◆ Try it:
Every line below from the one containing "Eskişehir’de bir çay" through the one containing "CROCS Black Wedge Pumps" must be transcribed exactly. Omit all lines outside that stretch.

◆ Input for this task:
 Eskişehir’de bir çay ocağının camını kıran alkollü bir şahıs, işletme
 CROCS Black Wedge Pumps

==

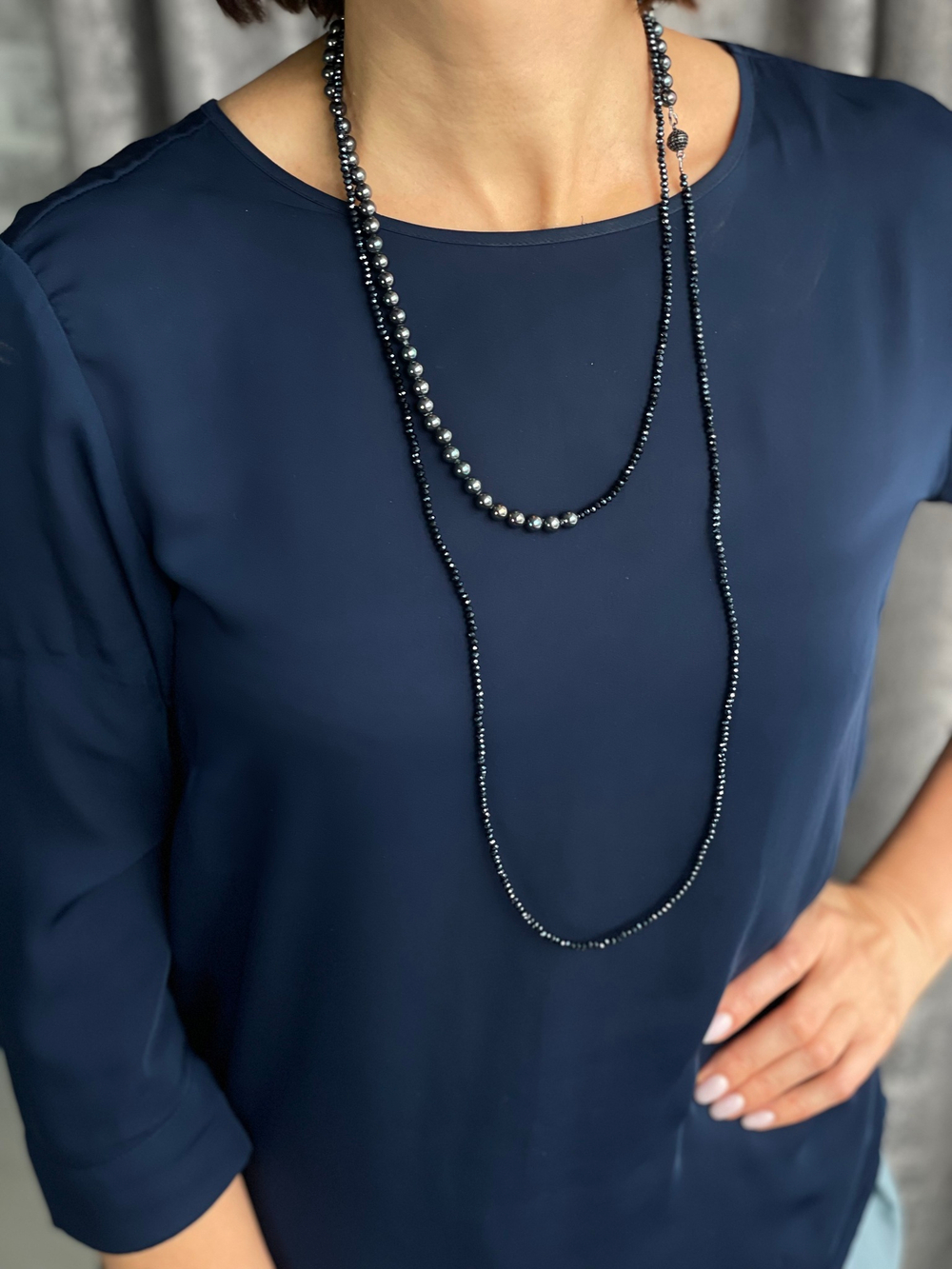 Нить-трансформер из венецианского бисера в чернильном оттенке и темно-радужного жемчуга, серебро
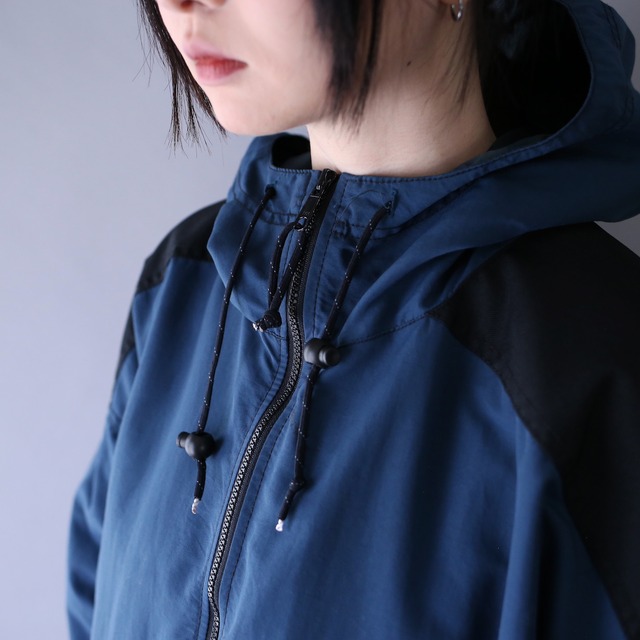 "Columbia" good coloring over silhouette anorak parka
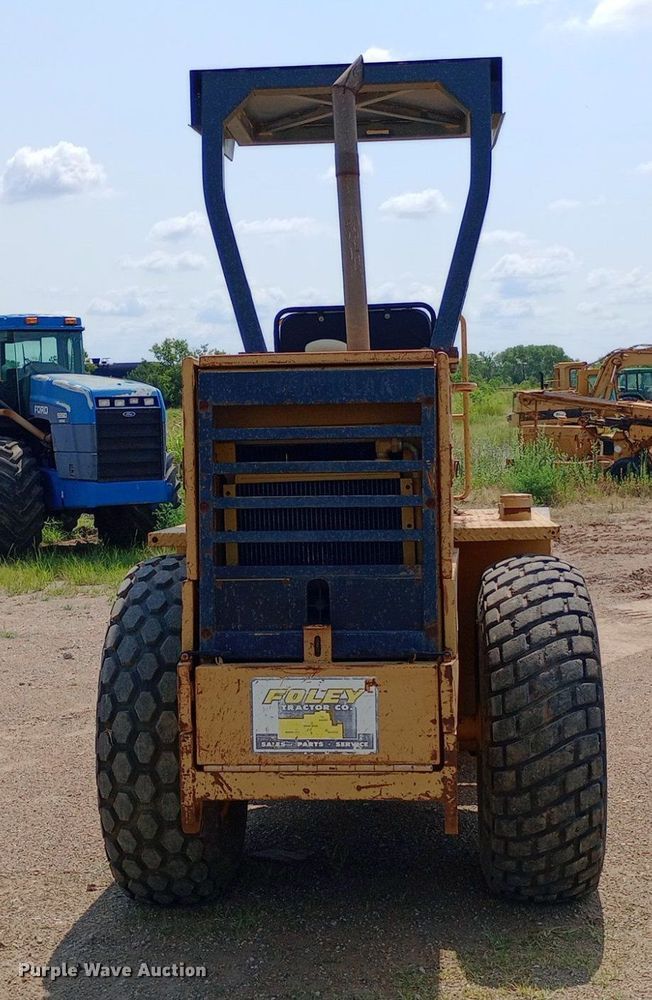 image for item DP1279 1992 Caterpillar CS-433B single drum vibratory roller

◆ Exercise answer:
 Eskişehir’de bir çay ocağının camını kıran alkollü bir şahıs, işletme
 CROCS Black Wedge Pumps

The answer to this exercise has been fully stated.